Jan. 31 (Bloomberg) -- Cameroon’s cocoa agencies have started a joint effort to eradicate unlicensed buyers and end purchases of low-quality beans sold by farmers who need money quickly, according to the Cocoa and Coffee Interprofessional Council.
The council and the Cocoa and Coffee Board started the program Jan. 20 to find the buyers and seize the beans they’ve purchased, Yves Abissi, head of communications for the council, said in an e-mailed response to questions today from the port city of Douala. Officials are monitoring parts of the Center, South and South West regions where the chocolate ingredient is grown, he said.
Cameroon, Africa’s fourth-biggest producer of the crop, requires cocoa buyers to get a license from the council before making purchases, proving they have financial means and storage and transportation facilities.
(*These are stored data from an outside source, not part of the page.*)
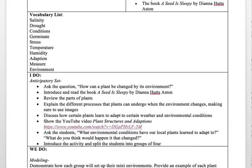For the anticipatory set, I would ask students the question: how can a plant be changed by its environment? I would introduce and read the book A Seed is Sleepy, then review parts of the plant using a projector. I would explain the different processes plants undergo when the environment changes using images, discuss how certain plants adapt to weather and environmental conditions, show the YouTube video on plant structures and adaptations, and then ask students what environmental conditions our local plants have adapted to and what they think would happen if those changed. Finally, I would introduce the activity and split students into groups of four.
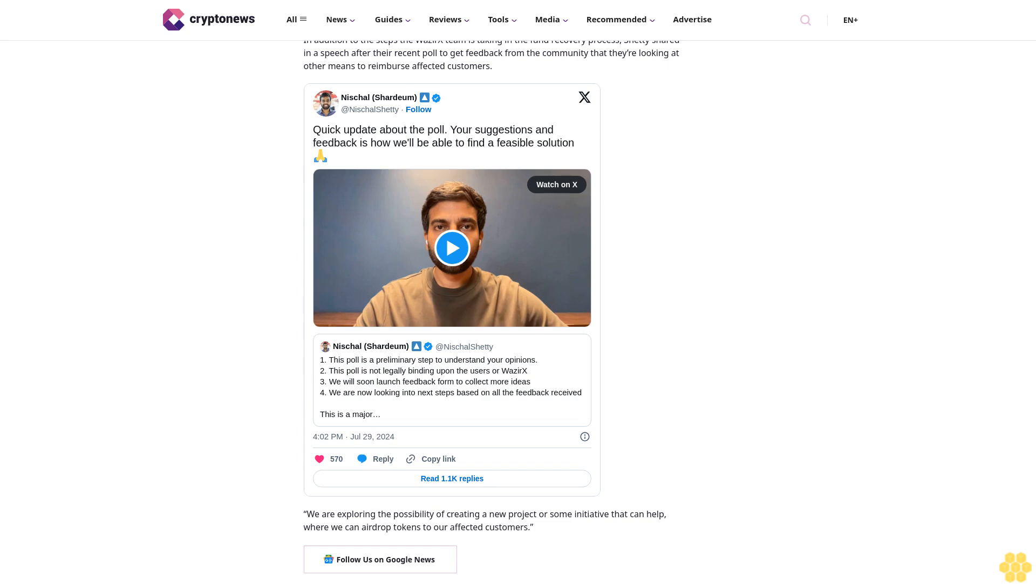We are exploring the possibility of creating a new project or some initiative that can help, where we can airdrop tokens to our affected customers. Follow us on Google News.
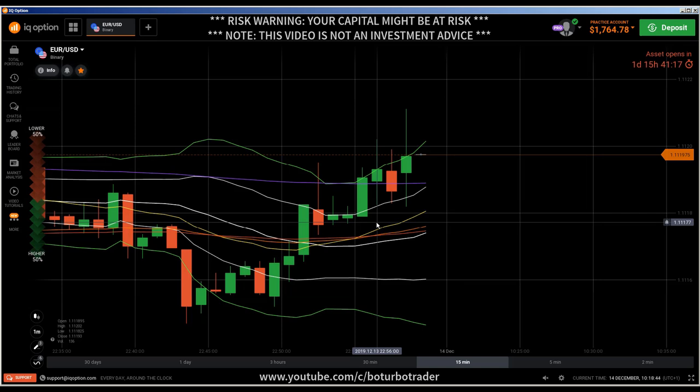I've got so many questions from so many subscribers and students — they want to better understand the process of elimination, and that's the reason why I'm doing this amazing video.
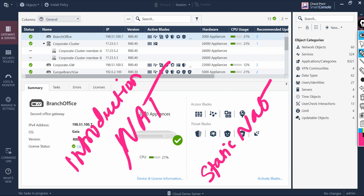NAT can be configured on checkpoint host nodes, networks, address ranges, and dynamic objects. NAT can be configured automatically or by creating manual NAT rules. Manual NAT rules offer flexibility because they can allow the translation of both the source and destination of packets and allow translation of services.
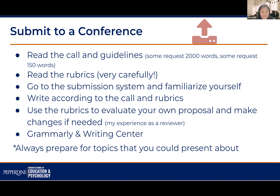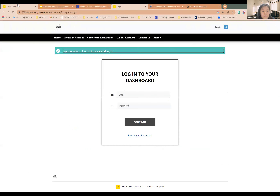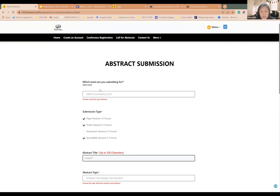Go to the submission system and familiarize yourself with it — this step is small but important. Once you're in the system you'll see, 'Oh, this is actually manageable.' You don't want a last-minute problem on the deadline day where you can't submit because you don't know how to register in the system. Before you even start writing the proposal, I encourage you to just play around with the system and see what they're asking for.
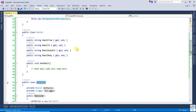In the next video we will learn the O in SOLID — the Open/Closed Principle — which states: open for extension and closed for modification. I hope this is clear. Thanks for watching.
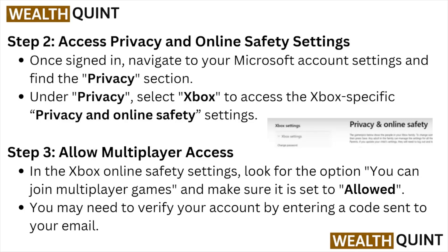Step number two: access privacy and online safety settings. Once signed in, navigate to the Microsoft settings and find the privacy section. Under privacy, select Xbox to access the specific privacy and online safety settings.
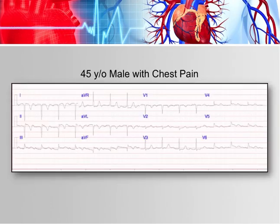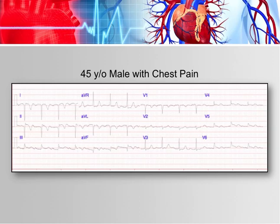Take a look at this 12-lead EKG. It's from a 45-year-old male who is experiencing chest pain. Given what you know now about EKG interpretation, I want you to think about what you would do for this patient based on this 12-lead alone — what sort of actions would you take and what type of treatment you would provide.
There are 92 buyers with permits and more than 250 without, said Abissi.
Unlicensed buyers purchase cocoa that “is not well dried,” said Benjamin Ndongo Ndjemba, head of the board in the Center, East and South regions, in an interview. “As the number of illegal buyers keeps increasing, it becomes difficult to get credible statistics on cocoa production in Cameroon.” So far, 120 kilograms (264 pounds) of beans have been seized, he said.
Cocoa farmers who need money will try to sell the beans before they are properly dried, said Sama Aloysius, an unauthorized buyer, in a phone interview. “When the farmer is in dire need of money to buy his kerosene, rice or cooking oil, he looks for us, sometimes with cocoa as small as five kilograms,” he said.